Having a brother three years older than me gave me a lot of skills I would have otherwise missed. I can bowl a cricket ball, get out of a wrestling strangle hold, and punch someone in the arm with my knuckle sticking out at just the right angle to make it really hurt.
But new research from the University of Calgary and the University of Toronto has also found having siblings can play a role in the development of empathy.
Siblings tend to spend more time with one another than they do with parents or friends, so they have the potential to have the greatest impact on each other.
A new paper, published in the journal Child Development, showed that children who are kind, supportive and understanding can have an influence on their siblings to behave in a similar way. And if one sibling has strong empathy skills and another doesn’t, the less empathic child will develop more empathy over time.
An empathic child shows feelings of care and concern for others, and learning to be empathic early in life can set a child up to grow into an adult that treats others with kindness, respect and understanding. A child with strong empathy skills will generally grow into an empathic friend, partner and parent.
The study had researchers observing the way young children responded to an adult who pretended to be upset when they broke something, hurt their knee, or caught their finger in a briefcase.
Although it’s commonly believed that older siblings have a greater effect on their younger siblings, researchers found that both older and younger siblings can contribute to each other’s empathy development. What matters is that one sibling has strong empathy already, then it can influence the other sibling, regardless of birth order.
So if you have one empathic child, the others usually benefit.
One factor that did have an effect in the study was age difference. In this instance, researchers only looked at siblings who were born within four years of each other, but they found that when siblings had a larger age difference (three to four years), it was generally the older sibling that influenced the younger one.
And as much as my brother taught me some terrible things when we were growing up, he was also undoubtedly an empathic child, who has now turned into an empathic adult. I like to think I’ve absorbed some of that.
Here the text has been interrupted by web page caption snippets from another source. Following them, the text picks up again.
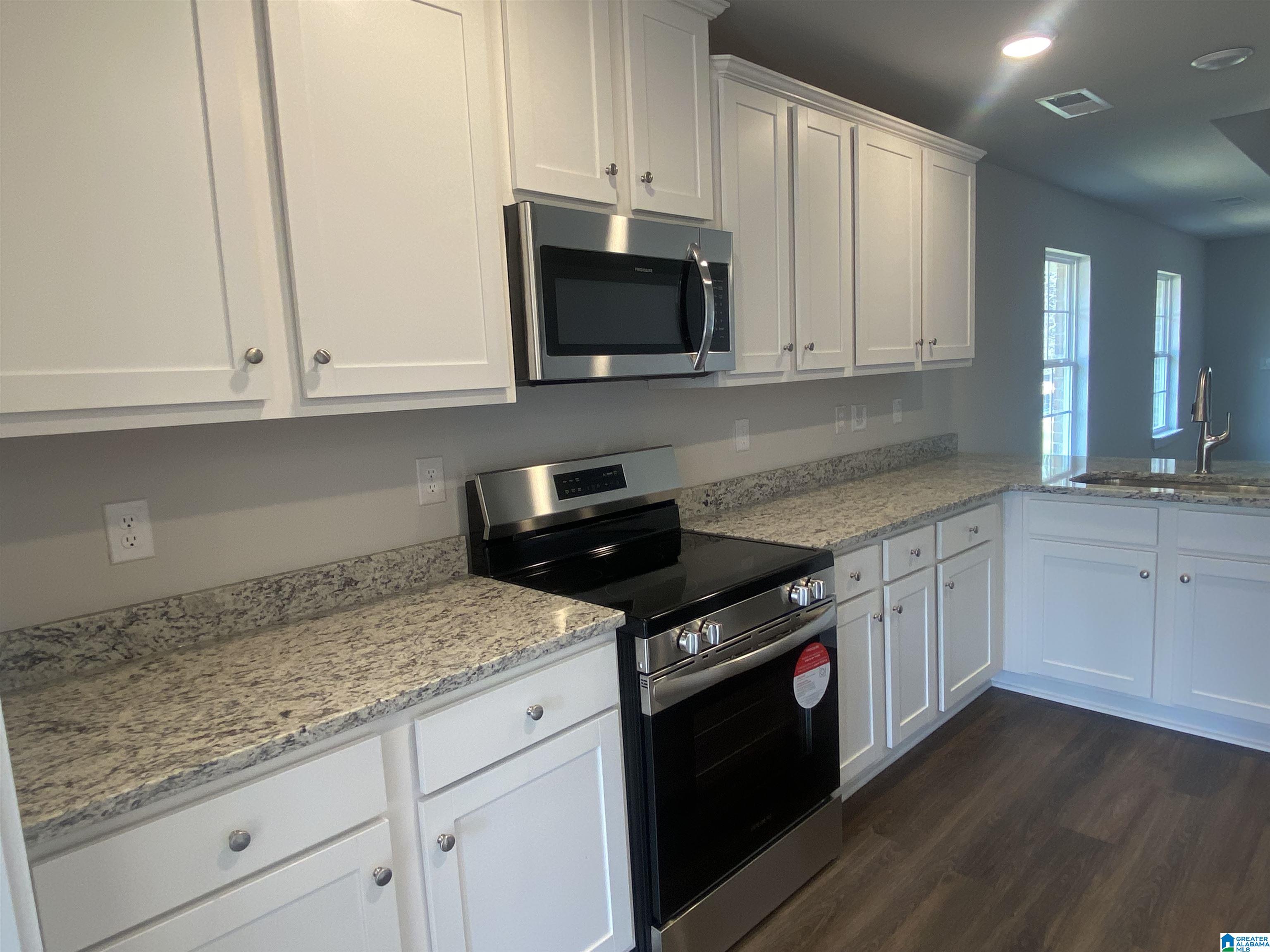 2130 Turquoise Lane Calera, AL 35040 - Photo 4 of 23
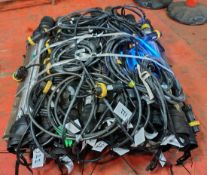 20x SA EQUIP SHE14018C110STA - 110V EX. Fluorescent Emergency Work Lights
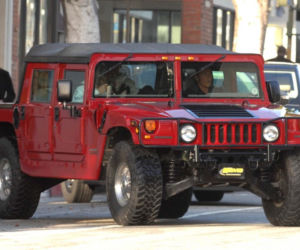 Schwarzenegger w Hummerze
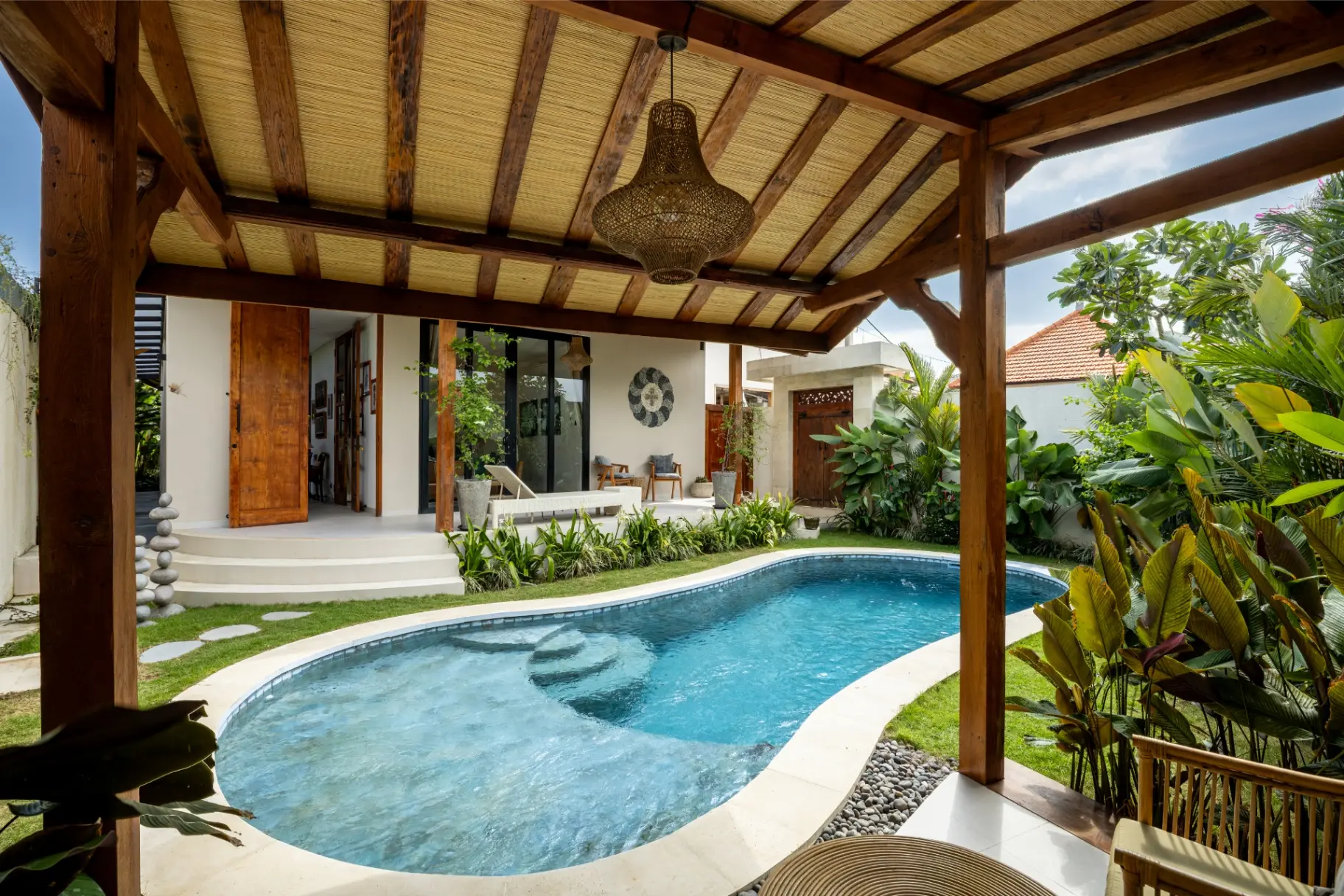 Casa Doreena - 3BR with Pool and Paddy, Canggu, 3-bed villa for rent in Canggu – photo 4 of 15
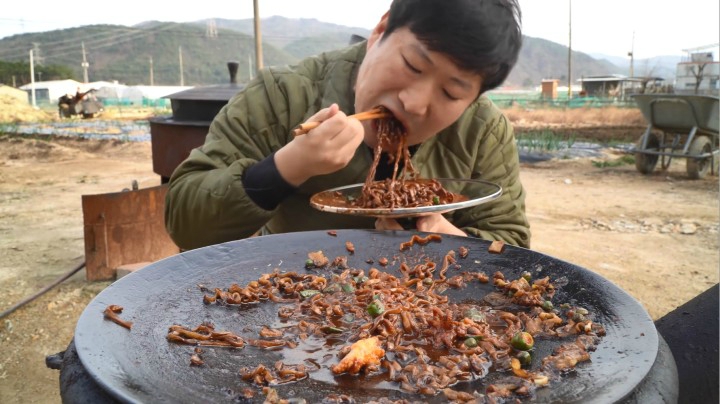 妈妈做了美味的短臂章鱼，把它和炸酱面混合在一起，味道非常香！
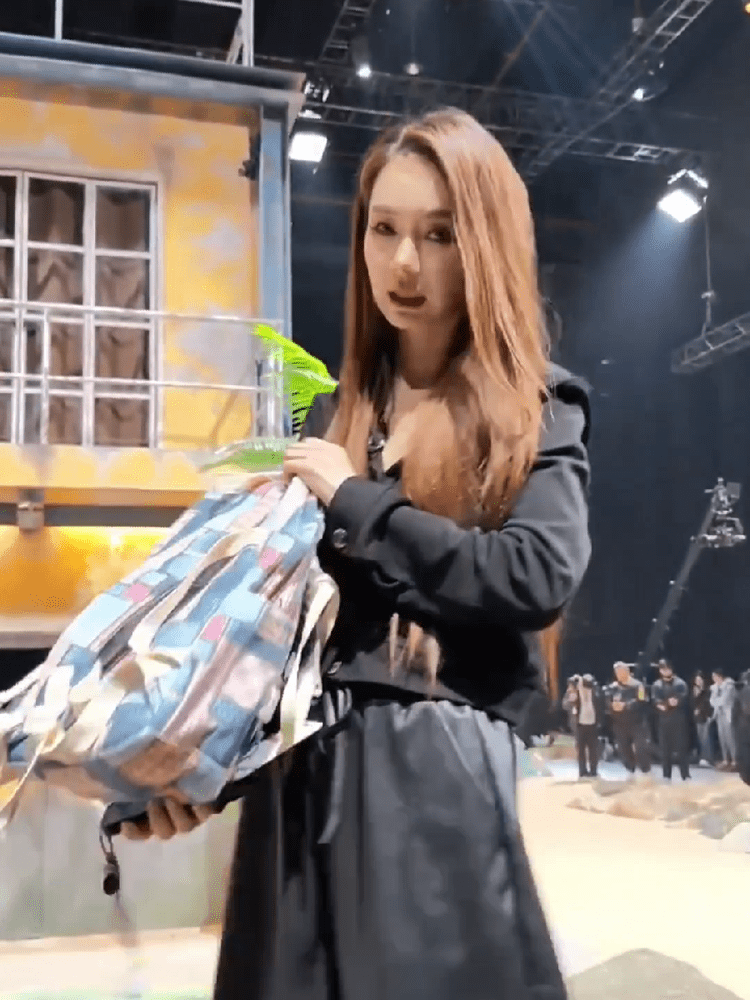 戚薇戚薇也被父母硬控过戚薇你的童年我的童年好像都一样 以为戚薇童年要风得风，结果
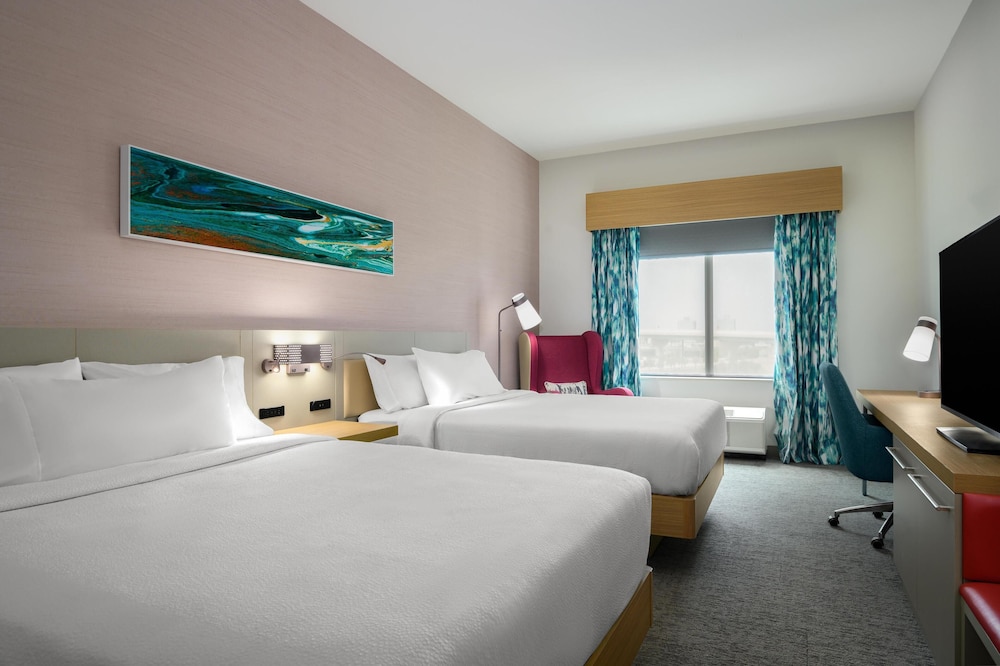 Hilton Garden Inn Millenia near Universal Orlando Resort — Hotel rooms in Orlando, Florida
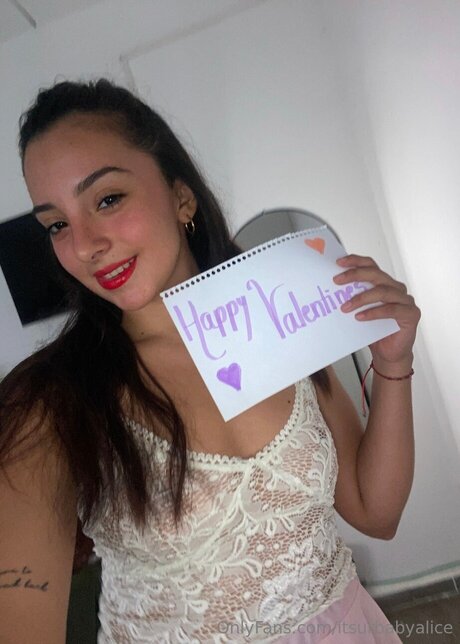 Itsurbabyalice onlyfans pics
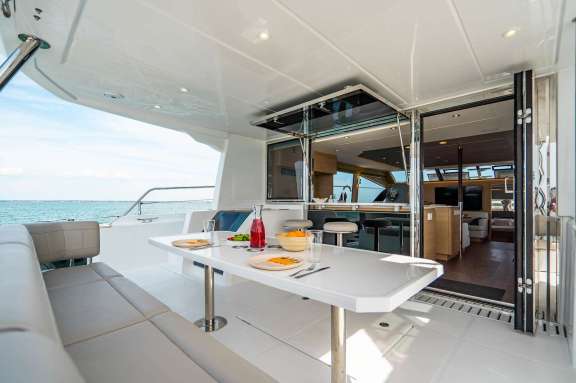 Image of A Yachta Fun yacht #12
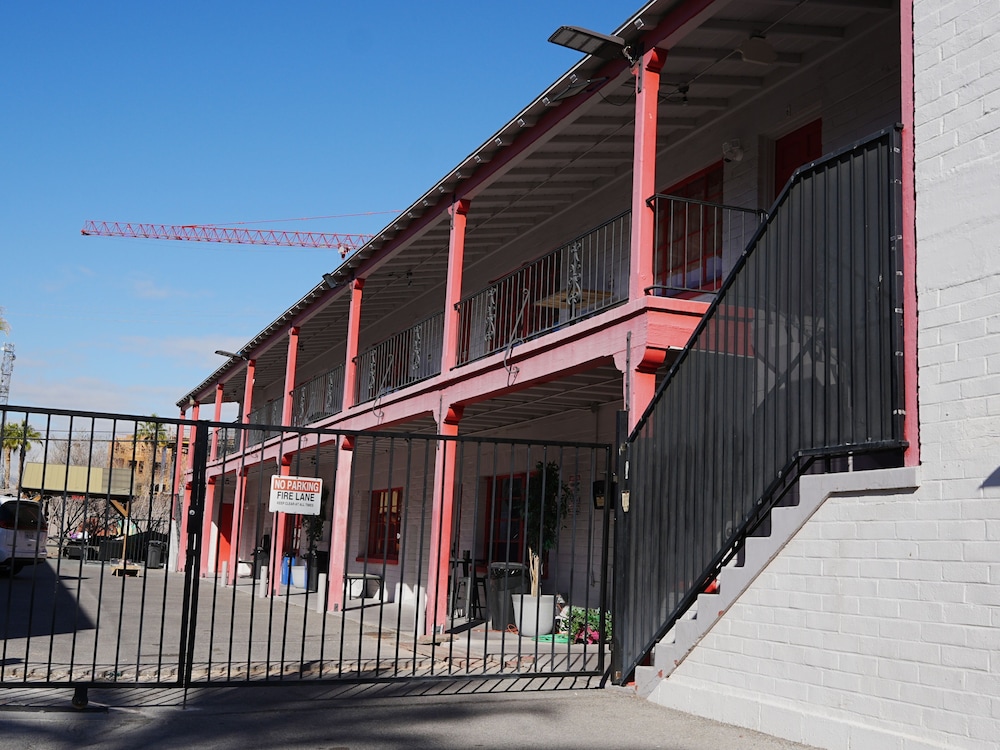 Sin City Hostel 44/50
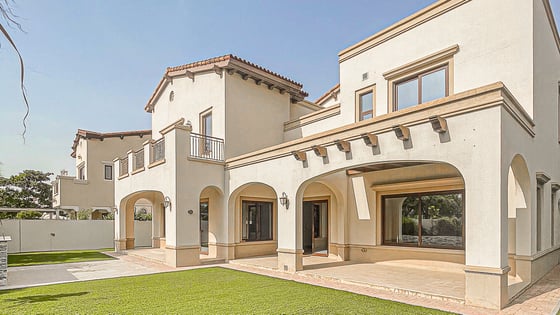 Luxurious villa in Arabian Ranches with spacious layout, picture 20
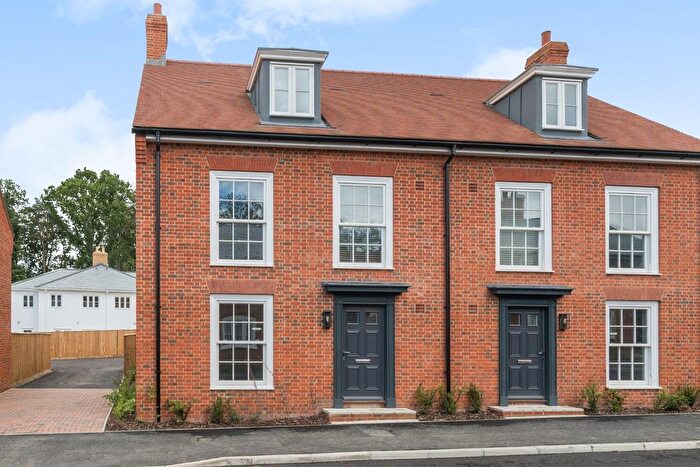 4 Bedroom Semi-Detached House For Sale In Hayling Street, North Baddesley, Southampton, Hampshire, SO52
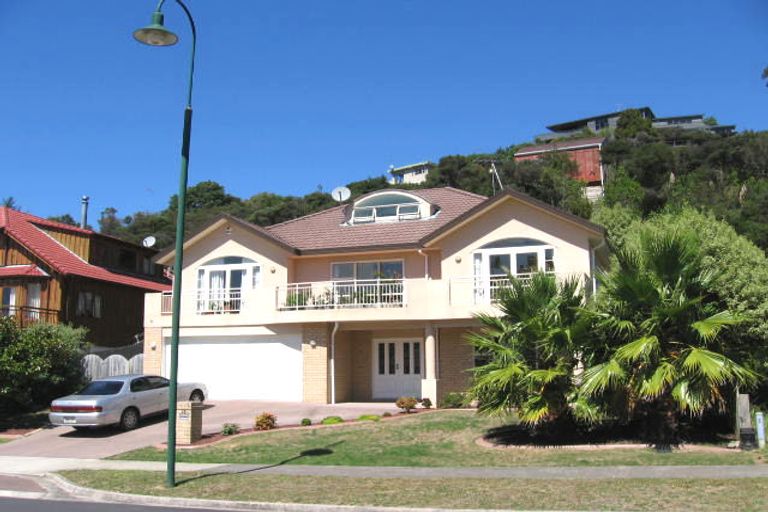 Photo of property in 26 Kate Sheppard Avenue, Torbay, Auckland, 0630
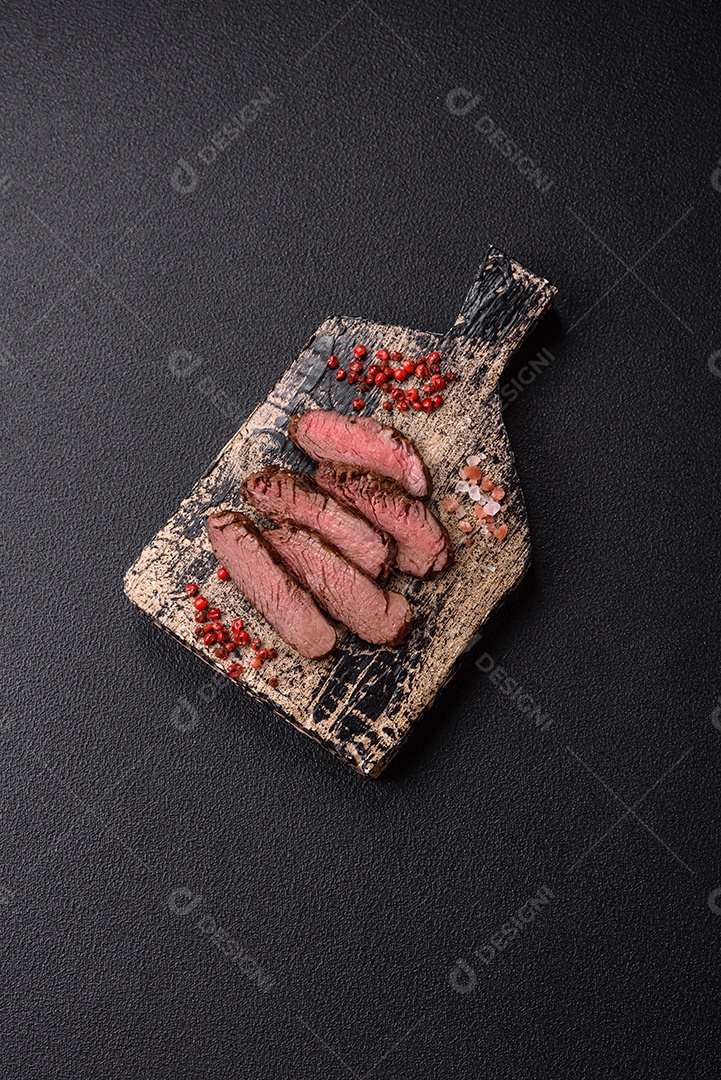 Carne assada em uma mesa concreto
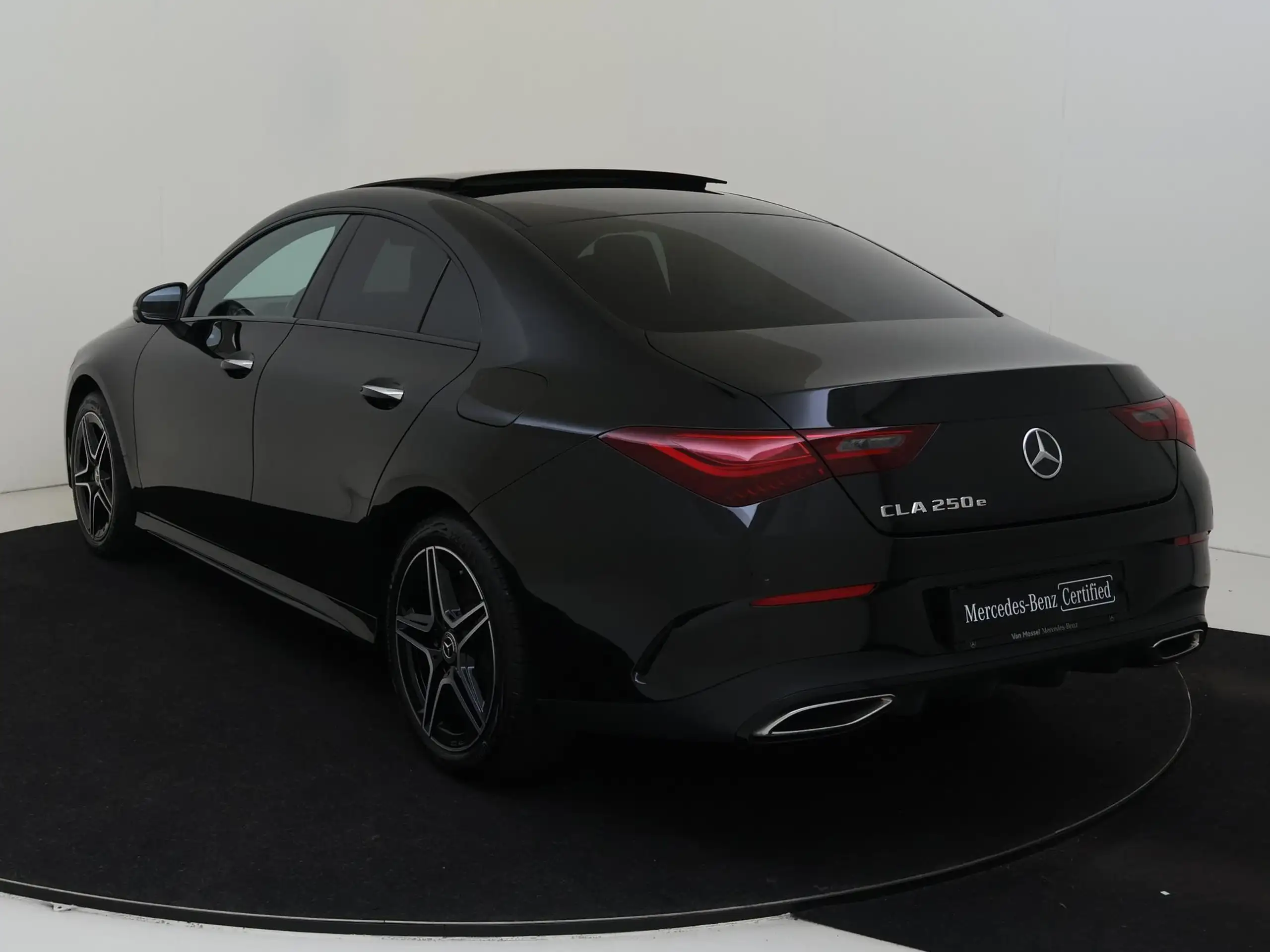 Mercedes-Benz - CLA 250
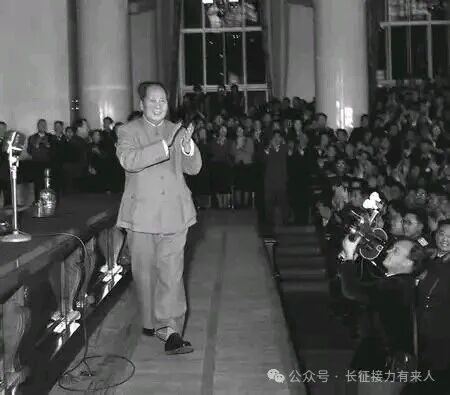 从1840年《南京条约》到1950年收回兵营,中国用了一百一十年时间,在国际关系领域完成了从依附型秩序向自主型秩序的根本转换。这间“屋子”的打扫干净,不是一个象征性的姿态,而是新中国在国际法领域必须完成的政治手续。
The study also found that the bigger the age gap, the better the older siblings were at modelling those empathic behaviours. I have a daughter six and eight years older than her two younger siblings, and I see an enormous amount of empathy from her. I have always assumed it was because there was enough of an age gap that she never felt a rivalry with her brother and sister.
She was old enough when they were babies to understand that they needed love and care, and she was first in line to offer to help.
As I watch her develop through her teen years, I have high hopes that she will carry that care and concern for others into adulthood.
We hear a lot about sibling rivalry, jealousy and competition, but it’s nice to know there are some big positives to having siblings. Helping each other to live harmoniously and compassionately with others has to be up there as one of the most important.